Another disadvantage of remote captioning, whether stenographic or voice-based, is that only the person wearing the microphone will be transcribed. This means that questions from students, unless the professor repeats them before answering, will be marked as inaudible, and the student might feel left out of the discussion. I'm certainly not opposed to working remotely on principle. I own remote captioning software, and I'm more than willing to provide it in cases where an onsite CART provider is not available; but, by and large, onsite CART is more likely to ensure that realtime output is accurate and complete. Sometimes services claim that remote captioning is preferable for students who might not like their classmates to know that they're receiving realtime, and who might feel awkward with a captioner sitting next to them. In that case, a good solution is to find a captioner or CART provider with two computers that transmit text wirelessly back and forth. In situations where my clients have told me that they'd prefer to sit on their own rather than reading from my laptop, I set up my equipment in the back of the room, give them a computer connected via Bluetooth, and let them sit wherever they like.

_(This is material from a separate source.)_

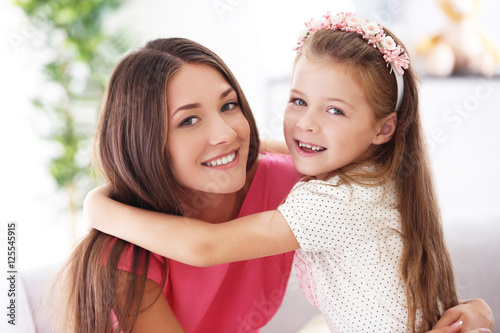 Cute girl with mother at home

I know CART providers are hard to find and sometimes can seem prohibitively expensive, but very often speech-to-text companies claim a lot more than they're able to deliver, and it can severely affect the quality of a student's access. It's worth being a little cautious before laying out a lot of cash on something that might not be as good as it sounds, which is why I advise prospective clients to ask for a demonstration of various technologies before settling on a provider. I'm always happy to provide demonstrations of CART on request, free of charge.